(RAW DATA)
== Segment start ==

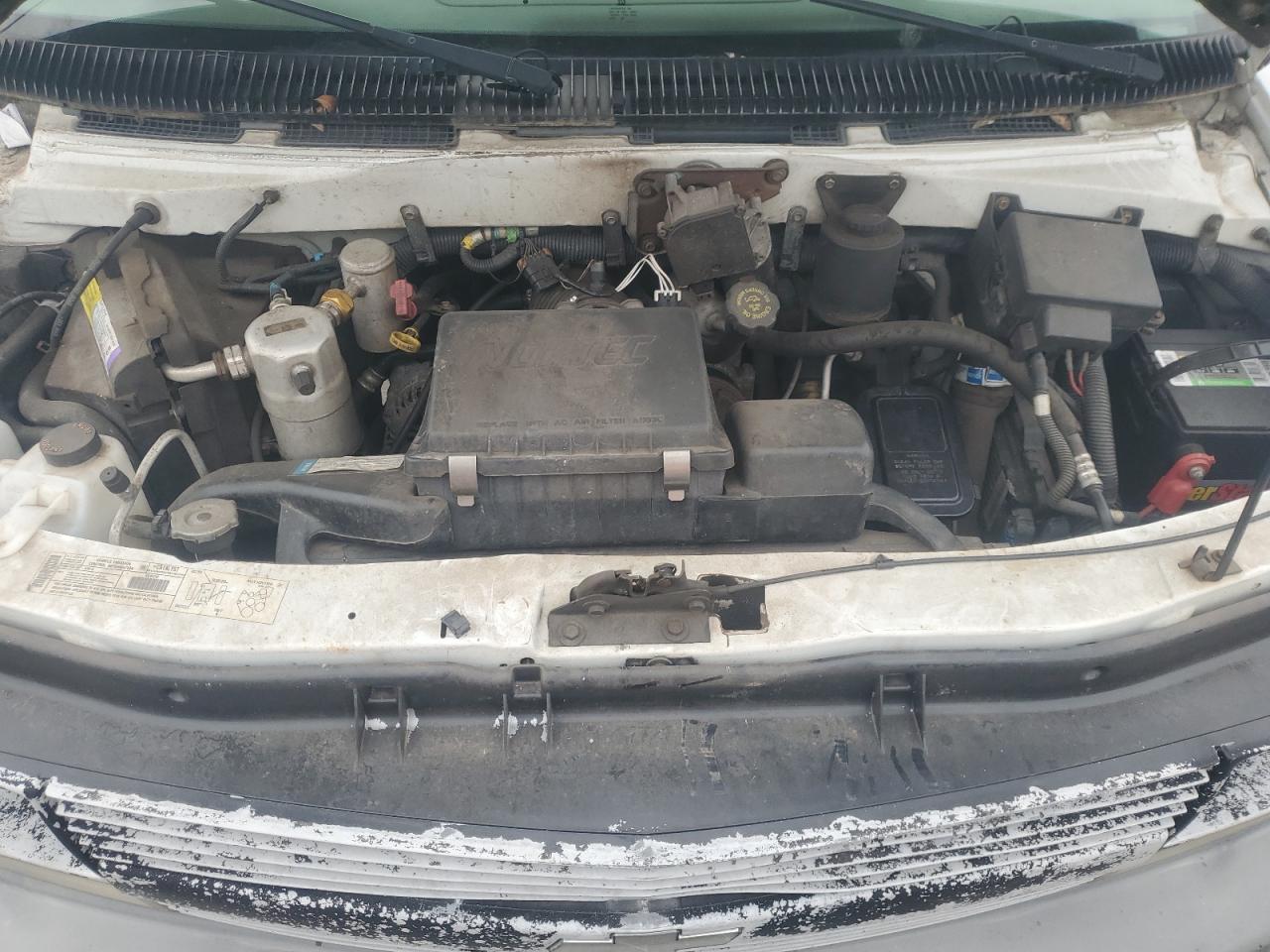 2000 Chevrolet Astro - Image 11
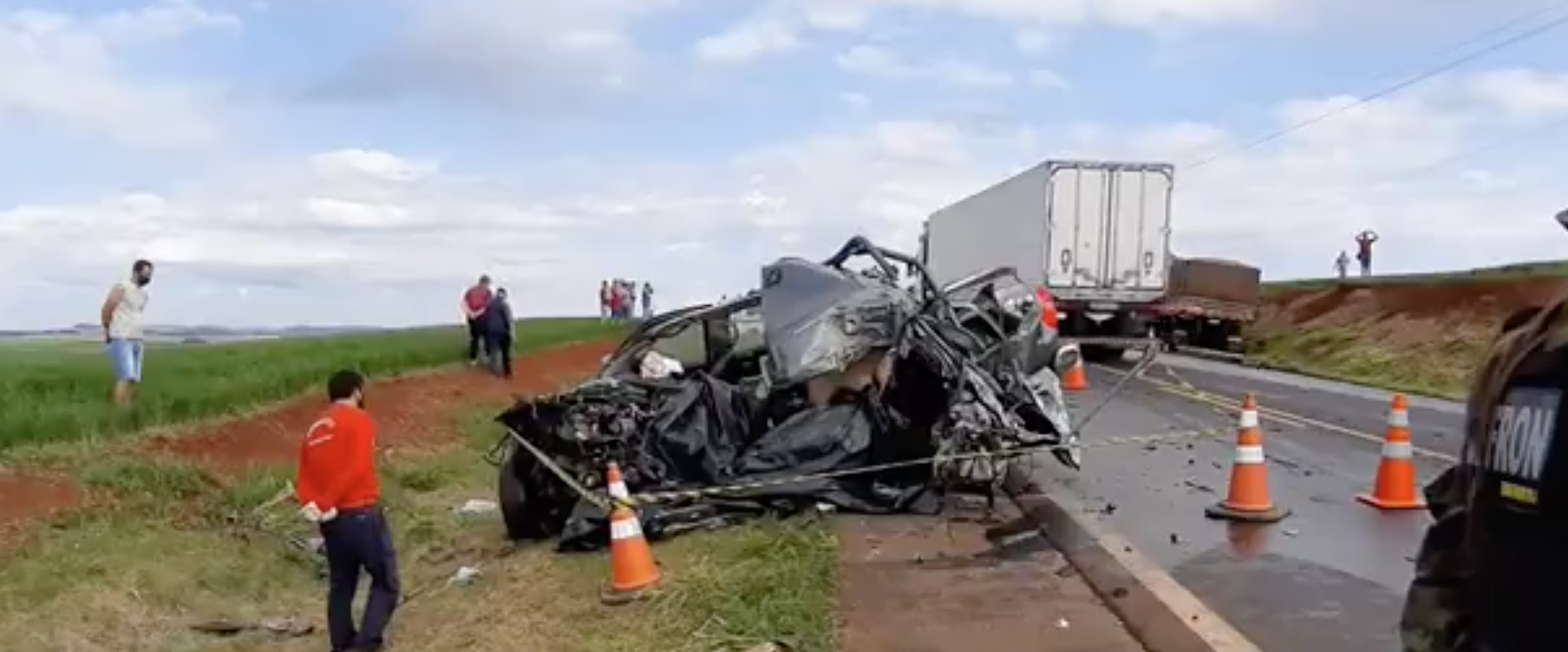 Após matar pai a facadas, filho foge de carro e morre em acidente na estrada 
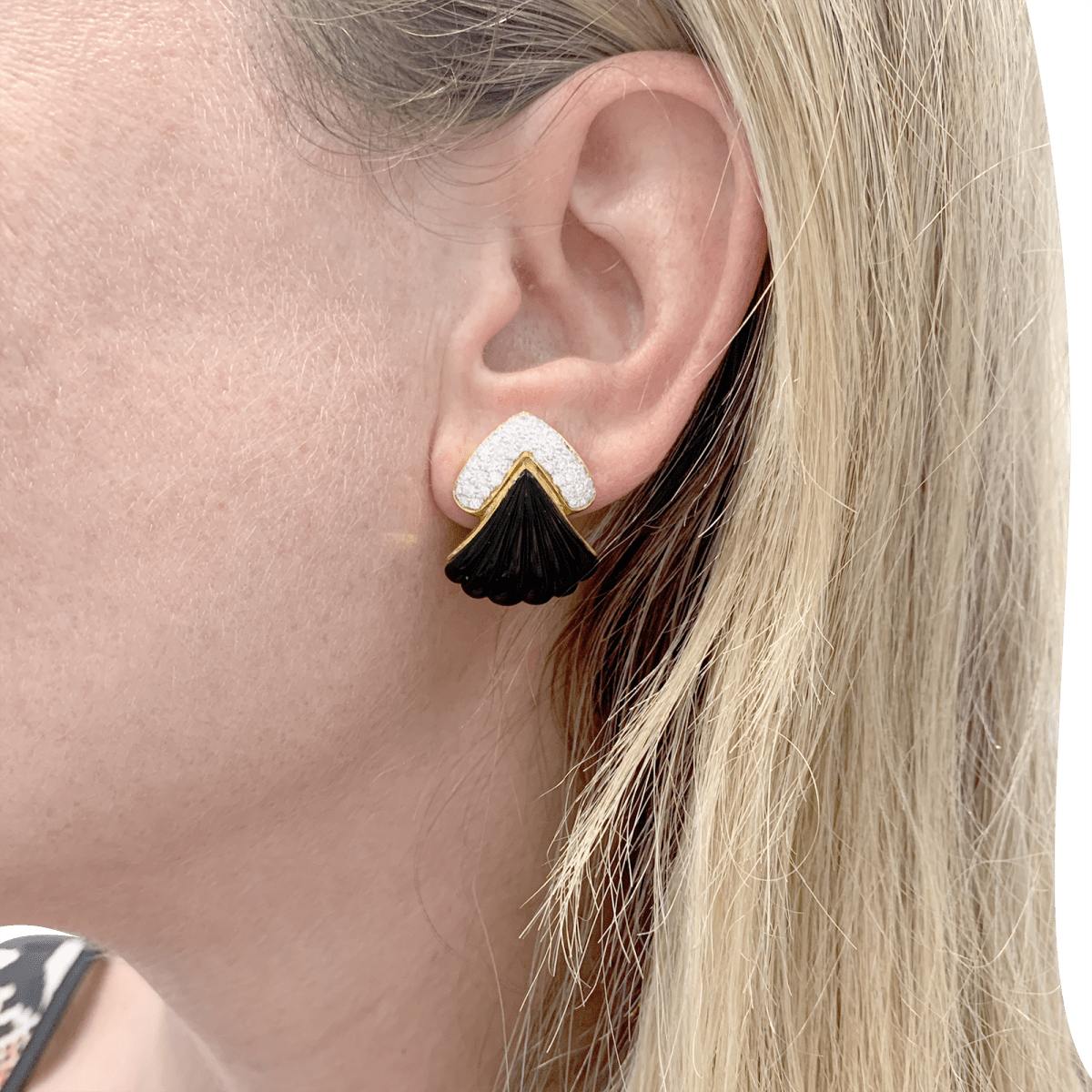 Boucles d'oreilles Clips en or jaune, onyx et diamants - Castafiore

== Segment end ==

(TASK TO COMPLETE)
Reproduce the listing word for word and omit its pictures.

(REPLY)
 2000 Chevrolet Astro - Image 11
 Após matar pai a facadas, filho foge de carro e morre em acidente na estrada 
 Boucles d'oreilles Clips en or jaune, onyx et diamants - Castafiore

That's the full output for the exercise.